= Exercise requirements =
Could the lines from the one with "Columbus Crater HLS2" through the end of the listing be restated exactly, with nothing else included?

--

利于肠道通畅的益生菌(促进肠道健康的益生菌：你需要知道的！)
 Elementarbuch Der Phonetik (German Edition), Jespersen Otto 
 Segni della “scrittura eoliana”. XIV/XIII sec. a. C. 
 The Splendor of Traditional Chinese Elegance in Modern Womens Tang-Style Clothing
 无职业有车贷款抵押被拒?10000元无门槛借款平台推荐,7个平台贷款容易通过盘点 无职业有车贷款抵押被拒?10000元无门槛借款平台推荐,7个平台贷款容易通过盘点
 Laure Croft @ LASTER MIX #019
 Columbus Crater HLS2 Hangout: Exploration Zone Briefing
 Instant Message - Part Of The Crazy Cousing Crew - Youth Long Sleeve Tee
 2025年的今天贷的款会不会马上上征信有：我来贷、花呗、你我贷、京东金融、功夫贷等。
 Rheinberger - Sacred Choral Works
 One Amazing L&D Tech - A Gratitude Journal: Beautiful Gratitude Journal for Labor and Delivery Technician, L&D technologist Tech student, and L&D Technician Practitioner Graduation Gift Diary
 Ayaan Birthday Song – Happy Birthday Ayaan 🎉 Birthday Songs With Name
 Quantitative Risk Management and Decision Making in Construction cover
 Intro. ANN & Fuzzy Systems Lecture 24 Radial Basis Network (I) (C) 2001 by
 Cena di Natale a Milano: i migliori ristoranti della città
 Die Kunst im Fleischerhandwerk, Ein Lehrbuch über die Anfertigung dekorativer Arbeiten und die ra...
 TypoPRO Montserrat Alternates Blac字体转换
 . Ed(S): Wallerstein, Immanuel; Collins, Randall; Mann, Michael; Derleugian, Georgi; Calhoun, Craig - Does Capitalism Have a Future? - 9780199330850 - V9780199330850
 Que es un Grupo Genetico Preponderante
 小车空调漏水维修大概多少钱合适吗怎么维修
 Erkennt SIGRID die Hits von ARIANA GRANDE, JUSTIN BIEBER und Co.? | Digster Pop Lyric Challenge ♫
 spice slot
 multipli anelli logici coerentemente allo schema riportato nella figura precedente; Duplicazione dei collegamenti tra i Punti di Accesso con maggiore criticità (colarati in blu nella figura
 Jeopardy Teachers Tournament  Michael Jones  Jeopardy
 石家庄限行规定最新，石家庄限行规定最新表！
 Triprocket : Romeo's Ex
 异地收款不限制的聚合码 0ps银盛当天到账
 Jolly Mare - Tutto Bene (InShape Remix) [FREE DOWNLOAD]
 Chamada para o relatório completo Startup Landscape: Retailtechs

--

= Result =
 Columbus Crater HLS2 Hangout: Exploration Zone Briefing
 Instant Message - Part Of The Crazy Cousing Crew - Youth Long Sleeve Tee
 2025年的今天贷的款会不会马上上征信有：我来贷、花呗、你我贷、京东金融、功夫贷等。
 Rheinberger - Sacred Choral Works
 One Amazing L&D Tech - A Gratitude Journal: Beautiful Gratitude Journal for Labor and Delivery Technician, L&D technologist Tech student, and L&D Technician Practitioner Graduation Gift Diary
 Ayaan Birthday Song – Happy Birthday Ayaan 🎉 Birthday Songs With Name
 Quantitative Risk Management and Decision Making in Construction cover
 Intro. ANN & Fuzzy Systems Lecture 24 Radial Basis Network (I) (C) 2001 by
 Cena di Natale a Milano: i migliori ristoranti della città
 Die Kunst im Fleischerhandwerk, Ein Lehrbuch über die Anfertigung dekorativer Arbeiten und die ra...
 TypoPRO Montserrat Alternates Blac字体转换
 . Ed(S): Wallerstein, Immanuel; Collins, Randall; Mann, Michael; Derleugian, Georgi; Calhoun, Craig - Does Capitalism Have a Future? - 9780199330850 - V9780199330850
 Que es un Grupo Genetico Preponderante
 小车空调漏水维修大概多少钱合适吗怎么维修
 Erkennt SIGRID die Hits von ARIANA GRANDE, JUSTIN BIEBER und Co.? | Digster Pop Lyric Challenge ♫
 spice slot
 multipli anelli logici coerentemente allo schema riportato nella figura precedente; Duplicazione dei collegamenti tra i Punti di Accesso con maggiore criticità (colarati in blu nella figura
 Jeopardy Teachers Tournament  Michael Jones  Jeopardy
 石家庄限行规定最新，石家庄限行规定最新表！
 Triprocket : Romeo's Ex
 异地收款不限制的聚合码 0ps银盛当天到账
 Jolly Mare - Tutto Bene (InShape Remix) [FREE DOWNLOAD]
 Chamada para o relatório completo Startup Landscape: Retailtechs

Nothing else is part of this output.